Monday, August 22, 2011

III.i. Briefings - Fodor (2007)

The conspirators are in a dark space, made stranger by often abstract angles, watching Hamlet practice his fencing from behind a two-way mirror. There is much to learn about the characters as Fodor imagines them here. The camera follows glances from Polonia's chest to Claudius' eyes, for example, and the two characters are sometimes standing next to each other, sometimes have Gertrude between them. Continuity mistake? The effect is to make the Queen's relevance intermittent at best. Even Ophelia, naive in the way she gazes at Hamlet, gleefully smiles at the end of the sequence when the Queen notices, powerless, that Polonia and Claudius are holding hands. The Queen knows of her husband's infidelities, but bears them and the scorn and ridicule of the entire house. This is a world with far more palpable corruption, and one gets a sense from these events that the King is not so much do things for Gertrude as he is for Polonia. Polonia's motivation is manipulation for manipulation's sake, or simply to do evil. She drugs her sister to control her, keeps her away from Hamlet, and is now bored with that and tries something else. Hamlet is either the object of a certain vengeance (he and Horatio have humiliated her with the truth of their words - a more distracted, older Polonius would probably not react like that), or a pretext for getting closer to the King. The idea that she is in control here is presented visually by having Rosencrantz & Guildenstern seem to speak to her more than to the King. The King is not in the frame, and Polonia, being closer, becomes the most powerful (largest) figure.

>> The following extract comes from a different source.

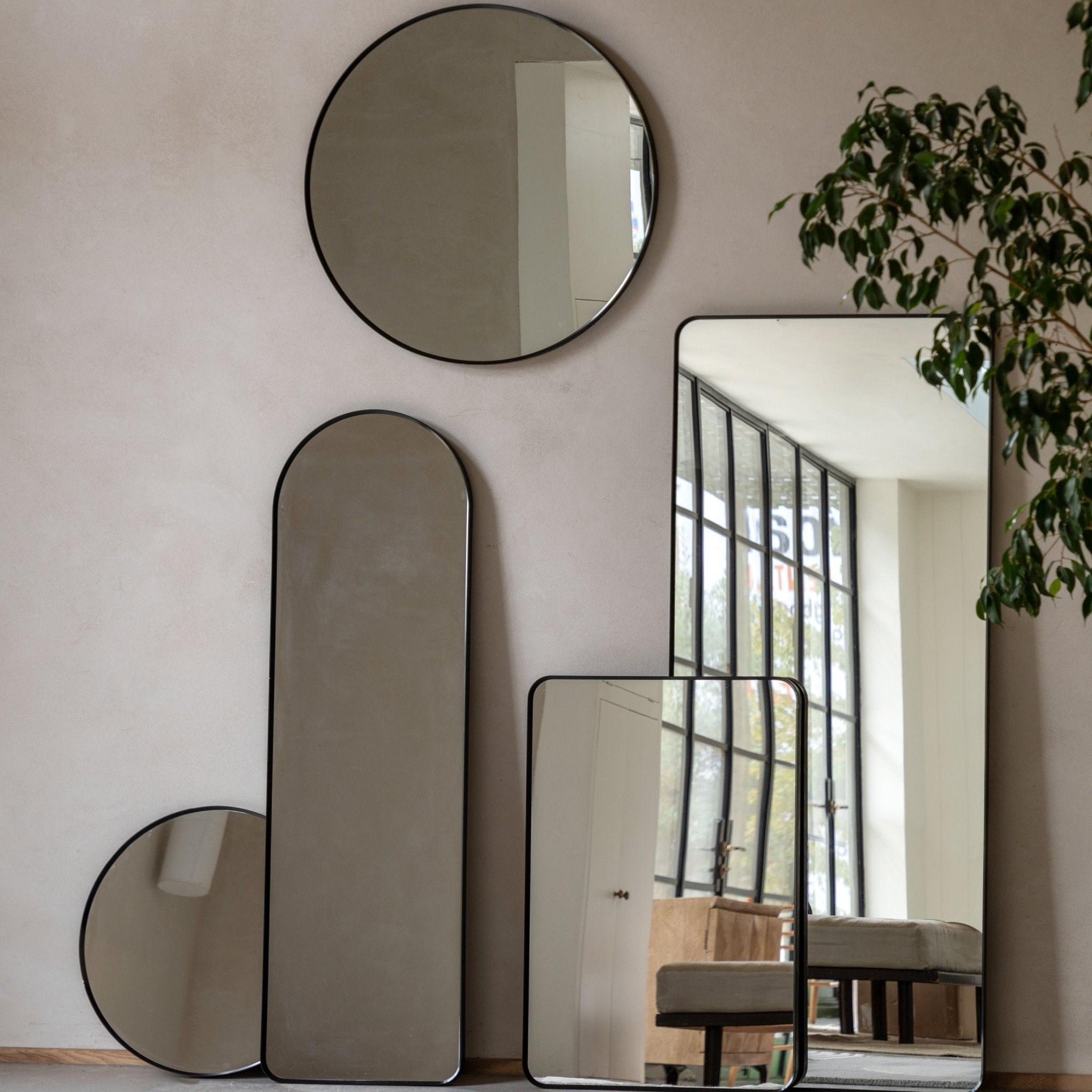 Holworth Round Mirror Black - hdesign - Mirrors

R&G are less sycophantic in this version, they just share Polonia's evil bent. In fact, only Gertrude in any way smiles. The others are all cold and calculating. They report their findings while watching Hamlet, as if he were some laboratory animal. "There did seem a kind of joy" is said with the voice of a scientist, observing an intriguing behavior. Polonia entreats the King to "hear and see the matter" in what sounds like a further variable. There is no sincerity in Polonia's voice; she essentially says "Let's see what happens when we humor him." It is an experiment.

Hamlet ends his practice (with an unnamed characters), and tells his sparring partner that he "fights like a girl". This departure from the text has an ironic bent, since Hamlet's adversaries in the play include two women (three in this adaptation), and he is about to have a confrontation (possibly violent) with one of them. He then goes up to the mirror to fix his shirt. Ophelia looks right into his eyes, unseen. She's a manipulator too, though her goal may be different. She is happy to be part of this plan and will not show the doubt and fear other Ophelias have been prone to. As he lies down to rest in the white room, Ophelia leaves the dark one to join him.